Parliament of South Australia
- Long title An Act to provide for measures to address climate change with a view to assisting to achieve a sustainable future for the State; to set targets to achieve a reduction in greenhouse gas emissions within the State; to promote the use of renewable sources of energy; to promote business and community understanding about issues surrounding climate change; to facilitate the early development of policies and programs to address climate change; and for other purposes ;
- Citation: No 22 of 2007
- Assented to: 2007-06-28
- Commenced: 2007-07-02

Legislative history
- Bill title: Climate Change and Greenhouse Emissions Reduction Bill 2006
- Bill citation: No 83 of 2006

Keywords
- emissions targets

= Climate change in South Australia =

Climate change in South Australia affects various environments and industries, including agriculture.
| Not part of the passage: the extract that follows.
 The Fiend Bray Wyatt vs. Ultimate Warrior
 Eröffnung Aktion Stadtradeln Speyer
== Greenhouse gas emissions ==
The state's emissions amounted to 76.23 million tonnes in 2005 compared to 82.64 million tonnes in 2022.
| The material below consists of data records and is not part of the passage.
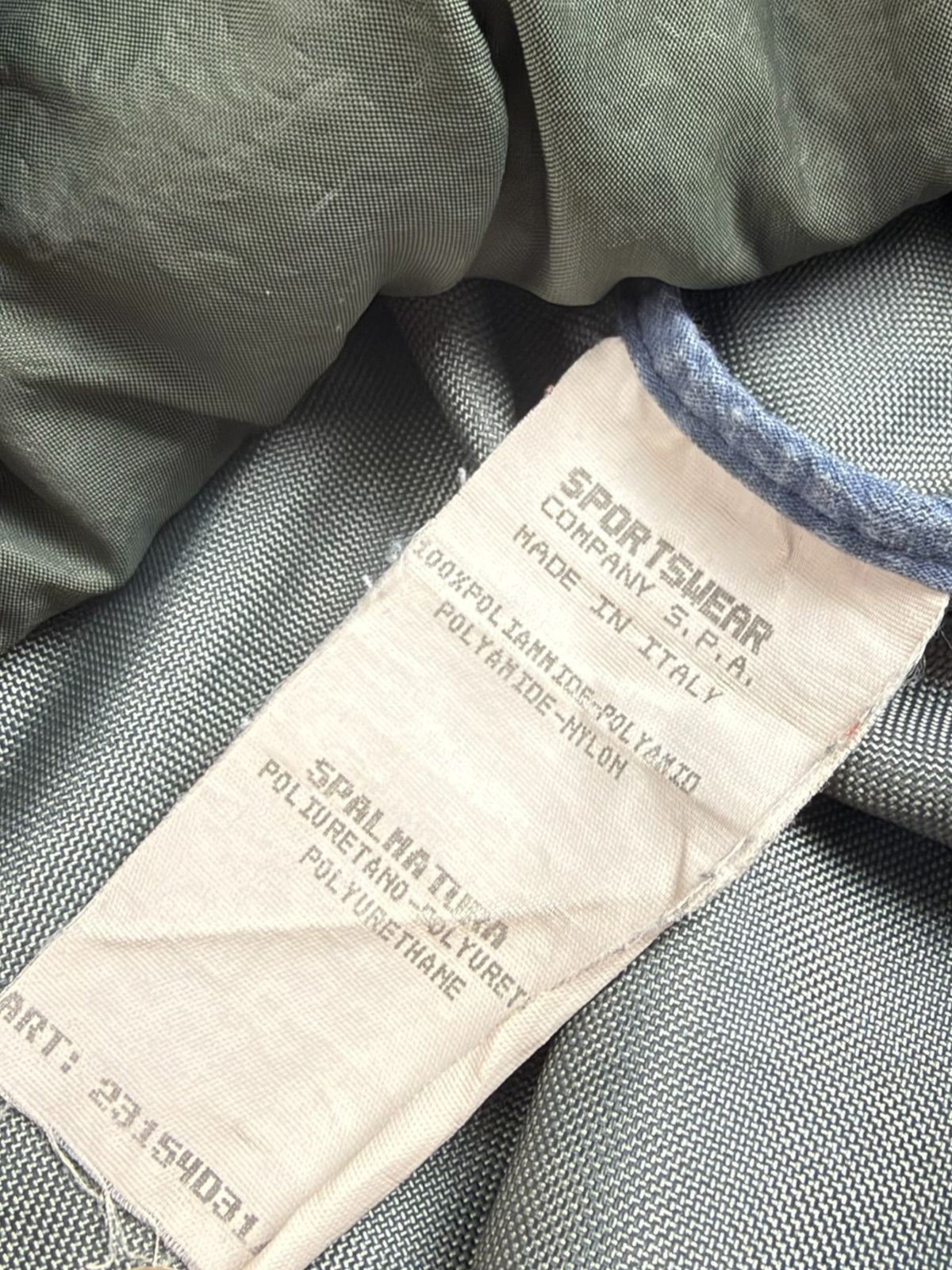 Stone Island AW95 Formula Steel Jacket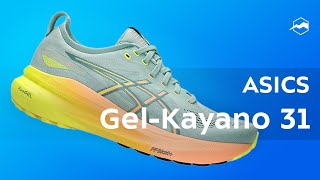 Кроссовки ASICS Gel-Kayano 31. Обзор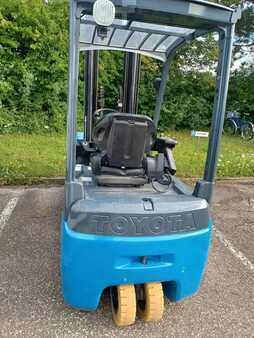 Carrelli elettrici 4 ruote 2018 Toyota 8FBE16T - FSW 6000 (3)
== Impacts of climate change ==

=== Forest fires ===
Soaring temperatures led to catastrophic forest fires during the 2019–20 bushfire season.

== Response ==

=== Policies ===
South Australia's deployment of renewables during 2011 and 2020 is considered "significant". South Australia's tree-planting laws are considered to be the weakest in Australia. The Whyalla were put into administration and it is planned that the South Australian government will fund its conversion to renewable energy.

=== Legislation ===

==== Climate Change and Greenhouse Emissions Reduction Act 2007 ====
The Act was the first climate legislation in Australia. This made South Australia the first state in Australia to commit to greenhouse gas emissions cuts, one of the first commonwealth jurisdictions with climate laws and the first jurisdiction in the world with a binding 2050 target. The Act facilitates the early development of policies and programmes to support renewables and promotes the uptake of renewables by wholesale purchasers.
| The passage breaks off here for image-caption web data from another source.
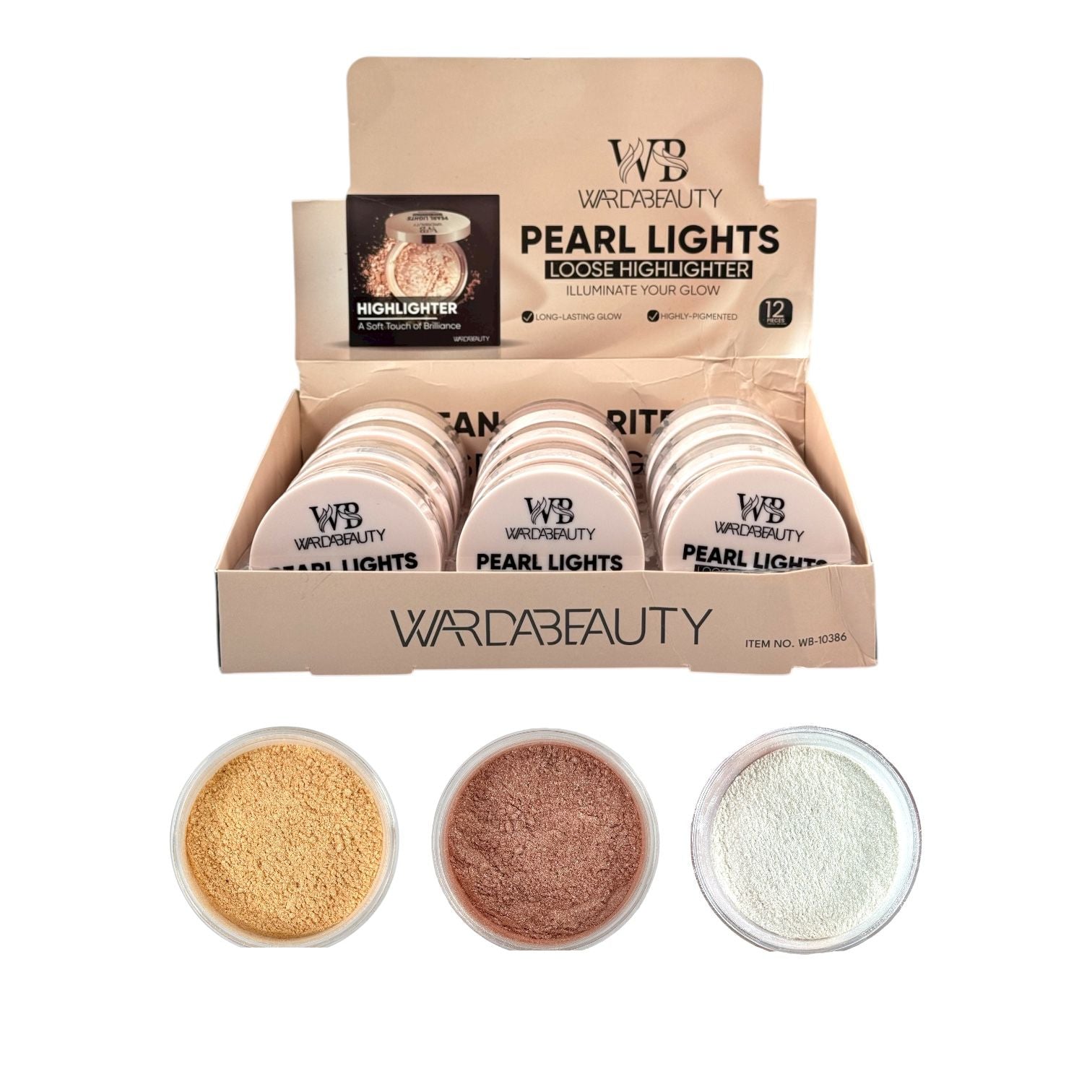 ILUMINADOR SUELTO PEARL LIGHTS ULTRA-FINE WARDABEAUTY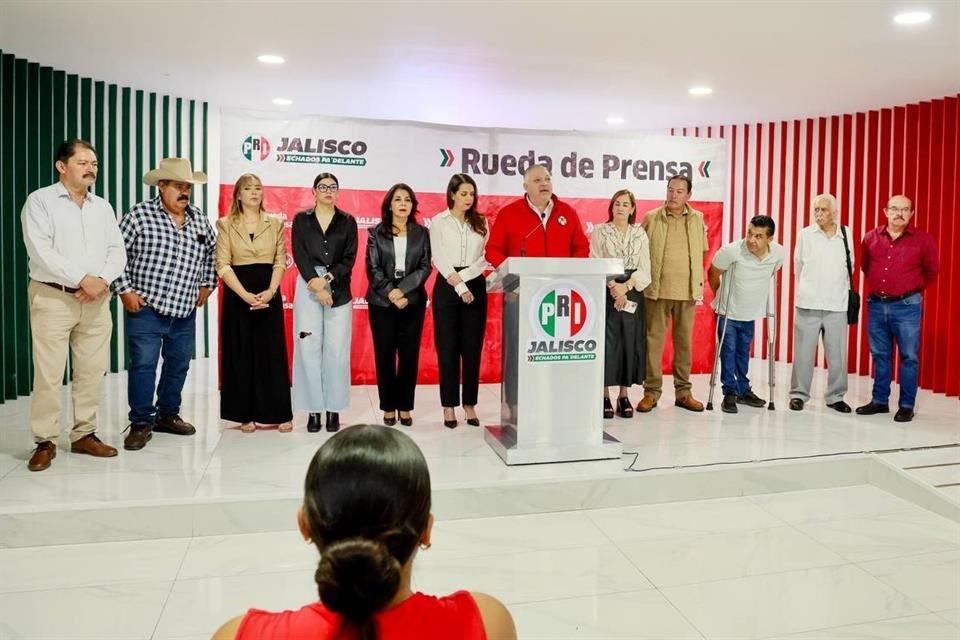 En lo federal, el Comité Directivo Estatal del PRI busca anular la elección judicial; en lo local, rechazará homologar la reforma de Morena.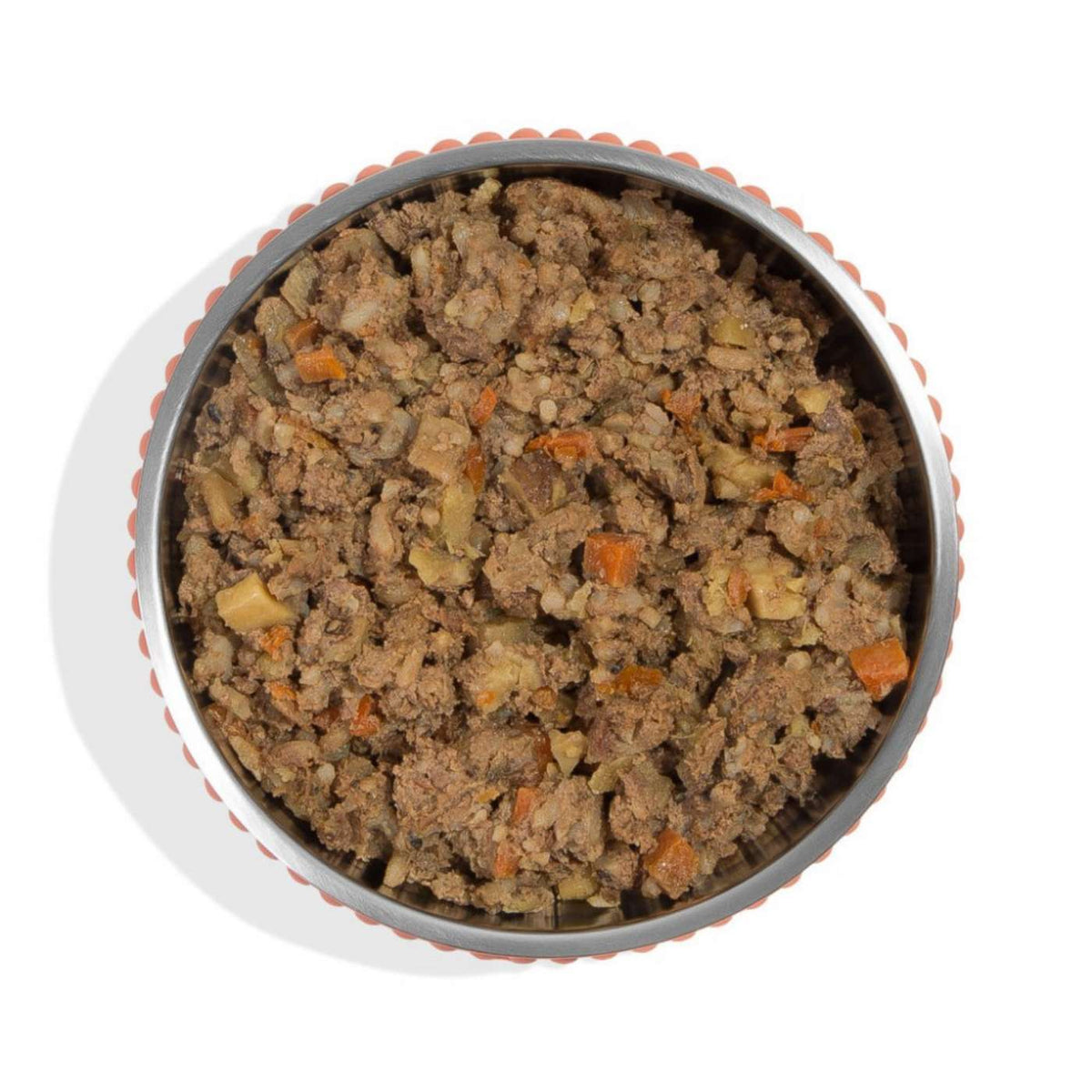 Zee.Dog Ciotola per Cani S Tuff Bowl Small Stripes Clay ø 16 x h.4,8 cm 550 ml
The Act legislates that the state has a legal obligation to ensure that emissions are reduced by 60% to an amount that is equal to or less than 40% of 1990 emissions levels.

In 2024, an amendment bill was tabled in the South Australian Parliament to further strengthen the targets - net zero emissions by 2027.

Under the legislation the government of South Australia also made a commitment to make Adelaide "the world's first carbon neutral city" by 2020.

By 2018 local generation of wind and solar electricity had reached 52% and emissions had fallen 32% compared to 2005 levels. Local generation of electricity is expected to reach 100% by 2025.